Given records
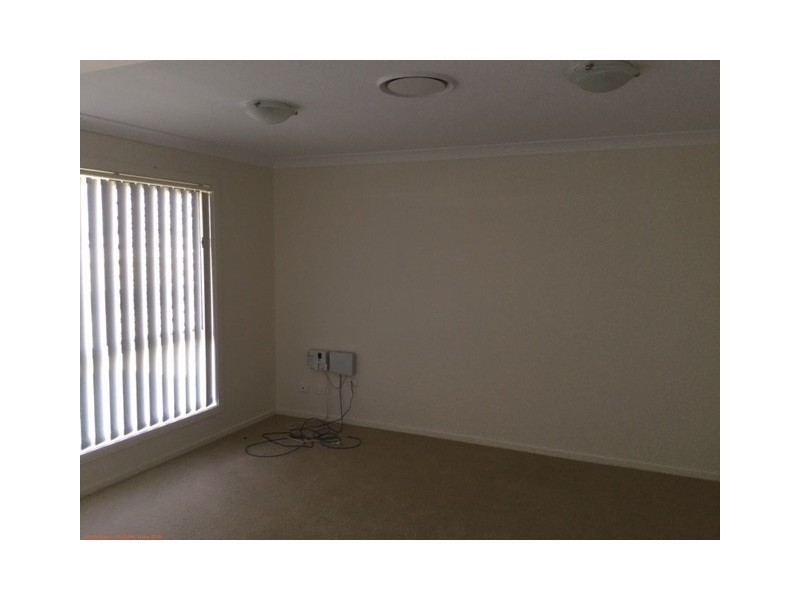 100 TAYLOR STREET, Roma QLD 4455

---

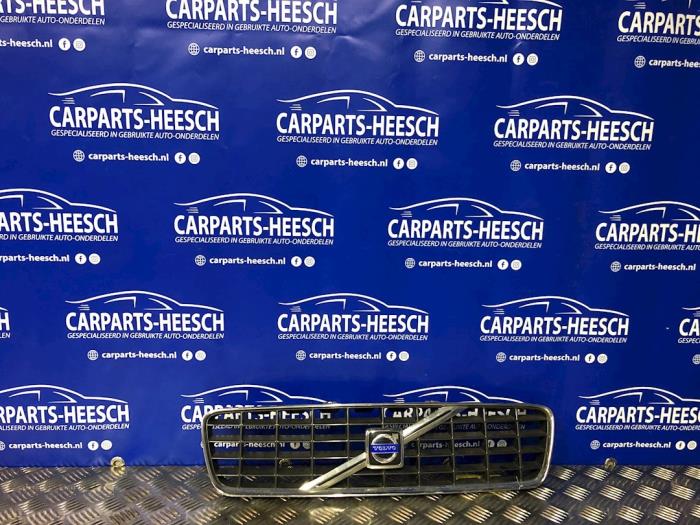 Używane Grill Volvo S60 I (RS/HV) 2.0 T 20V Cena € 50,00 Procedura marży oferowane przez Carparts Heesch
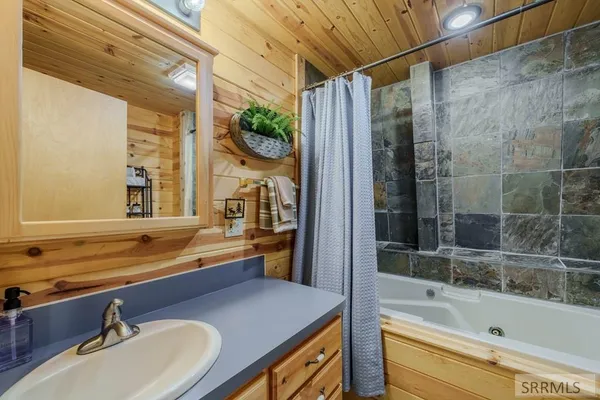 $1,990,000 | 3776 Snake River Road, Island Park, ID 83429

Task to carry out
The line holding "Używane Grill Volvo" starts the copy and the line holding "Park, ID 83429" ends it. Repeat those two lines above and all between them exactly, leaving out pictures.

Answer area
 Używane Grill Volvo S60 I (RS/HV) 2.0 T 20V Cena € 50,00 Procedura marży oferowane przez Carparts Heesch
 $1,990,000 | 3776 Snake River Road, Island Park, ID 83429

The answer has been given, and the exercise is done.